> **What is being asked**: Please give back only the lines below from the one containing "Hey, welcome back" to the one containing "Hi, this is", each repeated word for word, both ends included.

> **Entries shown**:

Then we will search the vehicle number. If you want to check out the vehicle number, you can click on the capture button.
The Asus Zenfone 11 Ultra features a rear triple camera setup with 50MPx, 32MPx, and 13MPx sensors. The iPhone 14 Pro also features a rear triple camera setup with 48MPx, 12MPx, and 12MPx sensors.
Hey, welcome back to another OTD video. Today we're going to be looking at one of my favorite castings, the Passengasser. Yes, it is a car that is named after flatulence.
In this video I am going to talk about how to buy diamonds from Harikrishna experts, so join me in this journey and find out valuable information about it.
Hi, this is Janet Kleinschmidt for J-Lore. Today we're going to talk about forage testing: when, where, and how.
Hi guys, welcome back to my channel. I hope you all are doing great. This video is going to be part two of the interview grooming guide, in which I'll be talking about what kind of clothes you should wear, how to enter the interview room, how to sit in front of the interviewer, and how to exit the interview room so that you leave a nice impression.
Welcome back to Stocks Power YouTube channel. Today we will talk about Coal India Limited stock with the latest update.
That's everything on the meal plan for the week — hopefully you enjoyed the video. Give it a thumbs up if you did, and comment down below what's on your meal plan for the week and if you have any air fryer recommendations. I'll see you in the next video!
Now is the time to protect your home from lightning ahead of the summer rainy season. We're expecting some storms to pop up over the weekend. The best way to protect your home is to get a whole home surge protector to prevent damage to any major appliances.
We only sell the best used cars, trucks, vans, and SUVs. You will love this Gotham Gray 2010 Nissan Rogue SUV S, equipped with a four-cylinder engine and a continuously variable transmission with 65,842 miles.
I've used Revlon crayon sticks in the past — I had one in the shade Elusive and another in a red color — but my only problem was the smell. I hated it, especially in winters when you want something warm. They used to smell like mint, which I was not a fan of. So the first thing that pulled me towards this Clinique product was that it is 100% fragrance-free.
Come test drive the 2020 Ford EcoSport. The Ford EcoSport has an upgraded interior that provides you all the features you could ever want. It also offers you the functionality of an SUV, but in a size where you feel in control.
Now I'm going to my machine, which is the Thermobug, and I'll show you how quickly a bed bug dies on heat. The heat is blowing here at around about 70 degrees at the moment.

> **Output**:
Hey, welcome back to another OTD video. Today we're going to be looking at one of my favorite castings, the Passengasser. Yes, it is a car that is named after flatulence.
In this video I am going to talk about how to buy diamonds from Harikrishna experts, so join me in this journey and find out valuable information about it.
Hi, this is Janet Kleinschmidt for J-Lore. Today we're going to talk about forage testing: when, where, and how.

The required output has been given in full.